**Work request**
Starting at the line below that contains "111 - A mixed" and ending at the line that contains "Vintage metal plate ski signage", retype each line exactly as it stands, but omit the pictures.

*** Opening Input material ***

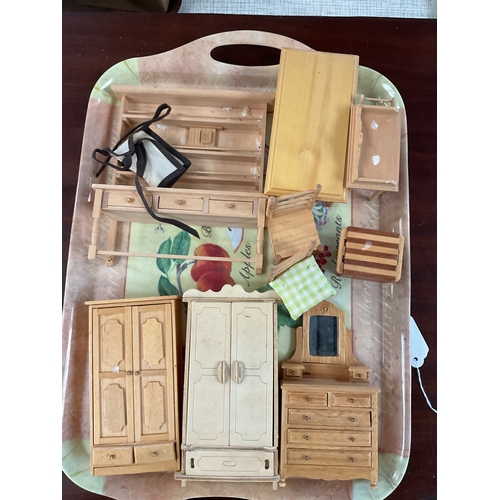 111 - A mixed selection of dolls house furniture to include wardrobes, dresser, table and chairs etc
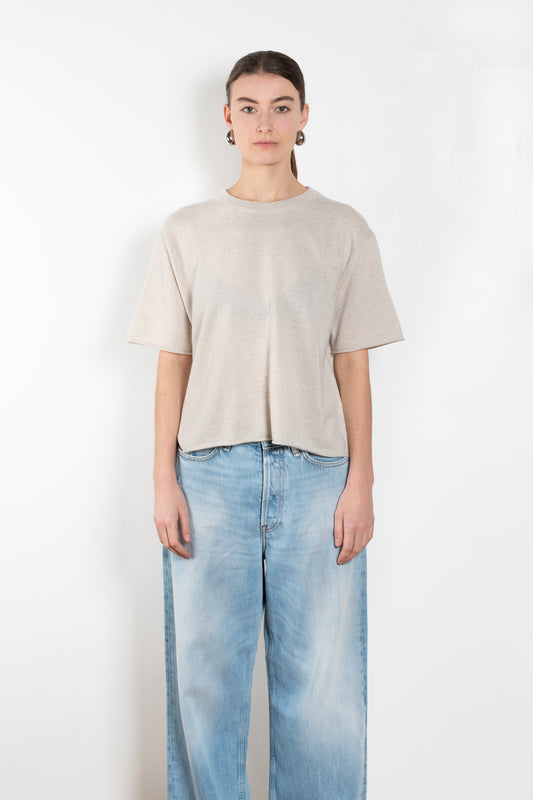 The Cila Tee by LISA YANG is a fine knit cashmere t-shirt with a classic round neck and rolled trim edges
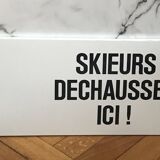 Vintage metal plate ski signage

*** Closing Input material ***
*** Opening Input material ***

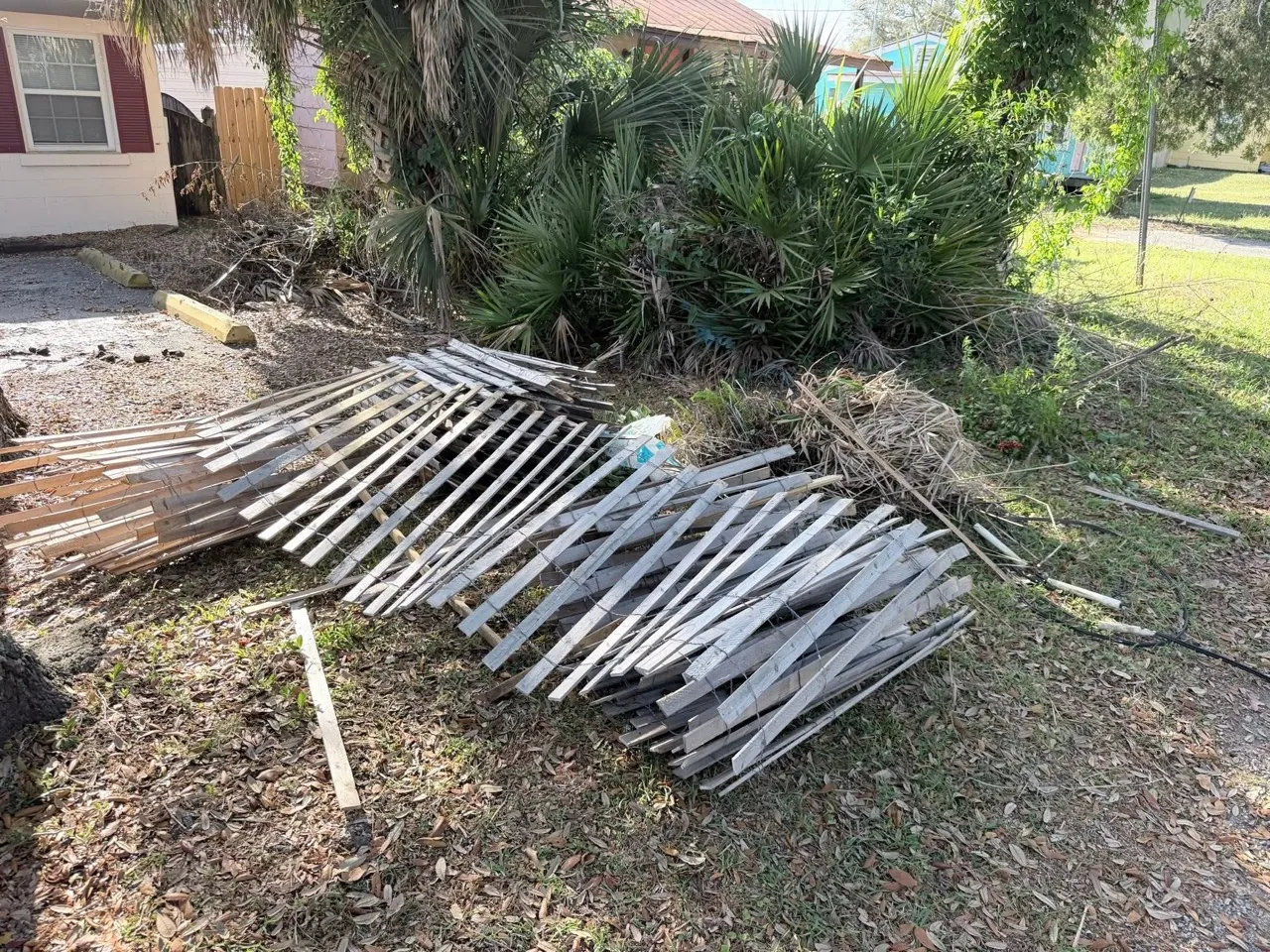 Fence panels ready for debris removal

*** Closing Input material ***

**Exercise output**
 111 - A mixed selection of dolls house furniture to include wardrobes, dresser, table and chairs etc
 The Cila Tee by LISA YANG is a fine knit cashmere t-shirt with a classic round neck and rolled trim edges
 Vintage metal plate ski signage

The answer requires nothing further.